The natural, rational, response to such a loss is suicide.  Suicide is the apotheosis of this lonely state of things.  It is the recognition that one cannot ever connect under the terms of this universe, or that we will at least all ultimately unconnect.  It is the acceptance, whether bitter or resigned or furious, of things as they are.  The prayer of which is, it is what it is.

In the literature we are told that suicides are usually impulsive, which corresponds to the house always wins game of craps universe described above.  But we also know from survivors of serious suicide attempts that suicides are usually regretted in the moments after the act toward death is committed.  It seems that in those final moments before a presumed death, persons are drawn back to a desire for the order of connection, and to love, and to, astonishingly, hope.

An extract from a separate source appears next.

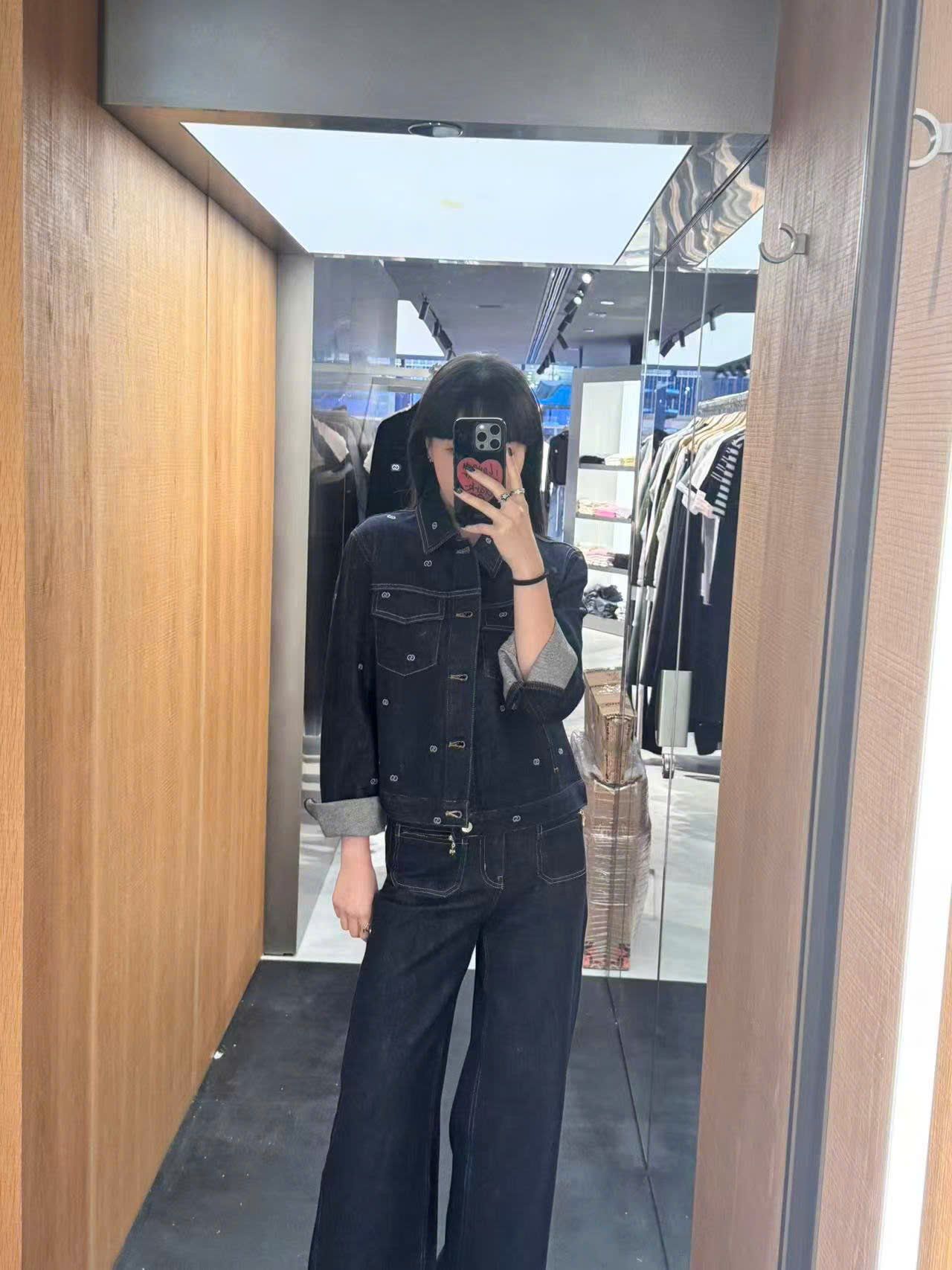  Áo khoác denim đen logo- 2 túi ngực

Another curious thing, and I have seen this firsthand over and over again in my strange life —  suicides usually don’t want others to commit suicide.  Why?  This is where the game begins to become undone.  The terror of a universe wherein I am in a static state of horrific aloneness is something that, in acute moments, I experience for myself.  But I cannot experience it, and I sure as hell will not allow it or condone it, for my little girls and boy, for my wife, for my brothers and parents, for my friends, or even for that girl in every end of the road of safety nets who was raped repeatedly as an infant and now is a cutter and eater who tries whenever she has the chance to kill herself.  I will not allow that universe for them.  I rebuke it at every moment, as do many folks I know who work with the Walking Lonely who want to be relieved of the burden of breath.  You learn things in foxholes, and I think many who have been in my sort of foxholes will with me attest to the wondrous phenomena that is a woman or man who not long ago had a barrel in his/her mouth trying to talk a person whose life has been nothing but hell and misery into fighting for life, and rebuking the urge to death and disconnect.

There is a mystery there.

I can’t explain it, but it is something Pauline, a willingness to accept a hell for one’s self that one will not accept for others.

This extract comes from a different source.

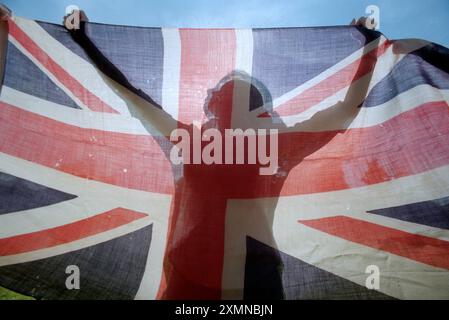 Drapeau de l'Union de la guerre des Boers retenu pour être vu avant la vente aux enchères Vivienne Walters de Sothebys South House inspecte un drapeau de l'Union fragile retiré de l'Agence britannique à Pretoria lors de l'apparition du Boer guerre il y a 100 ans, le 12 octobre 1899, le drapeau enlevé par l agent de sa Majesté M. Conyngham Greene était jusqu'à la vente avec une valeur estimée de 800 livres sterling dans une vente aux enchères d'armures d'armes Militaria et Aeronatica à Sothebys Billingshurst le 9 novembre 1999 7 octobre 1999 Banque D'Images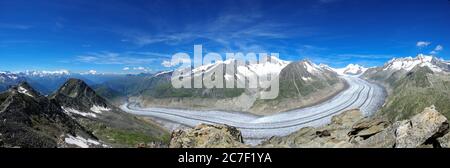 Bellissimo scatto panoramico di una strada che attraversa Aletsch innevata Ghiacciaio in Svizzera Foto Stock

This willingness, too, is revealed in impulse.  Where does this impulse come from?

————–

The sun was orange fire going down tonight.  Families were getting ice cream at the village gas station, and then while walking home yelled at their kids on bikes to slow down.  The two taverns seemed to be full, lots of motorcycles parked outside.  The moon had been out since mid afternoon, now an afterthought even as it was finally making its move toward prominence.  My wife’s old first grade teacher limped down the sidewalk while shouting a conversation into her cell phone.  The bay windows in the houses revealed TVs showing cartoons, with kids jumping on couches and moms back in kitchens.  Two boys were headed home with fishing poles and a bucket.  An old man looked through me blankly as he smoked his cigarette.  When the middler girl and I got back home from the gas station with the microwave popcorn my baby boy said, for the first time, “me Paulie, me Paulie.”

Yes, you are son.  And you always will be.  Because you will always be loved, and you will never be alone, no matter which of the universe’s narratives is loudest in your ear.